AIM OF THE TASK> Each entry that appears below should be restated exactly as it is.

━━━━━━━━━━

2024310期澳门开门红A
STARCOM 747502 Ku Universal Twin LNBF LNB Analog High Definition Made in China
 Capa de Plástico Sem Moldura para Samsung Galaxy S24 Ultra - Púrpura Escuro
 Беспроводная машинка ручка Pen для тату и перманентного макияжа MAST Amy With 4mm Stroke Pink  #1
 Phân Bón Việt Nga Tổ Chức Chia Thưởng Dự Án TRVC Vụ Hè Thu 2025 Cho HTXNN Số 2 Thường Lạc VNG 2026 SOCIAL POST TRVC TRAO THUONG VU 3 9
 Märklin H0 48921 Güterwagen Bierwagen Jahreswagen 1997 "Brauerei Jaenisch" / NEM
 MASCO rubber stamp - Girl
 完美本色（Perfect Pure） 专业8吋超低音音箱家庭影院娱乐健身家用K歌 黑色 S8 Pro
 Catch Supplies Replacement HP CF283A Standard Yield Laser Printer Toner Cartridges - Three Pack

━━━━━━━━━━

RESULT FOR THIS EXERCISE>
2024310期澳门开门红A
STARCOM 747502 Ku Universal Twin LNBF LNB Analog High Definition Made in China
 Capa de Plástico Sem Moldura para Samsung Galaxy S24 Ultra - Púrpura Escuro
 Беспроводная машинка ручка Pen для тату и перманентного макияжа MAST Amy With 4mm Stroke Pink  #1
 Phân Bón Việt Nga Tổ Chức Chia Thưởng Dự Án TRVC Vụ Hè Thu 2025 Cho HTXNN Số 2 Thường Lạc VNG 2026 SOCIAL POST TRVC TRAO THUONG VU 3 9
 Märklin H0 48921 Güterwagen Bierwagen Jahreswagen 1997 "Brauerei Jaenisch" / NEM
 MASCO rubber stamp - Girl
 完美本色（Perfect Pure） 专业8吋超低音音箱家庭影院娱乐健身家用K歌 黑色 S8 Pro
 Catch Supplies Replacement HP CF283A Standard Yield Laser Printer Toner Cartridges - Three Pack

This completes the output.